Church Fenton residents petitioned Parliament earlier this year following fears that the HS2 proposals would cause serious harm to their village.
Now they are fighting against HS3 - a high speed rail line connecting large northern cities like Manchester, Leeds, and Newcastle - which has received the backing of UK Prime Minister David Cameron and Chancellor of the Exchequer George Osborne after a report was published setting out the benefit of extensive transport links.
The stop HS2 action group is headed up by Church Fenton Parish Council chair Jo Mason. She said: “HS3 is a bit of a different animal to HS2.
“That said, we don’t support what they have outlined as a high speed line. We would have a great deal of support for improvements in rail services across the North of England and in our area.
“What they are proposing is a shiny new £7b stretch of line and it is not required.
“Instead, put some money in the north. The has been a plan to improve the line that is less than two per cent of what they are suggesting.
“The government has never thought it out. It is a shiny vanity project to stick a ribbon on and we don’t need that. What is required is something much less fancy and we need it now, not in 2032. We require what the country can afford and what the people need.
“You are trying to guess what towns and villages they are going to trash next, and it is criminal to even consider wasting this sort of money.”
The report was produced by Sir David Higgins - chairman of the £50b HS2 network - who predicts that HS3 could cut journey times between Leeds and Manchester from around 55 to between 26 and 34 minutes.
Selby and Ainsty MP Nigel Adams told the Wetherby News the HS3 announcement is a big improvement on HS2.
“When you look at HS2 there were a few fundamental concerns,” he said.
“I am very much in favour of it, but I raised those issues.

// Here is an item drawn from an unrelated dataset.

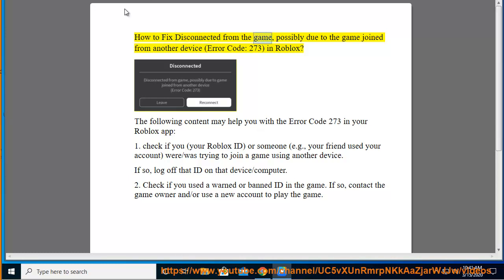How to fix disconnected from the game, possibly due to the game joined from another device, error code 273 in Roblox.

With HS3 it is clear they have been taken on board.
“What has come out is good news because it does look as if the focus of HS3 is something that is going to provide a much more integrated solution that recognises the economic importance of the North.
“People in Church Fenton were expecting to know the score but because this was a radical rethink they are not going to know the impact for some time and that is unfair, but I think they are going to see a very different impact.”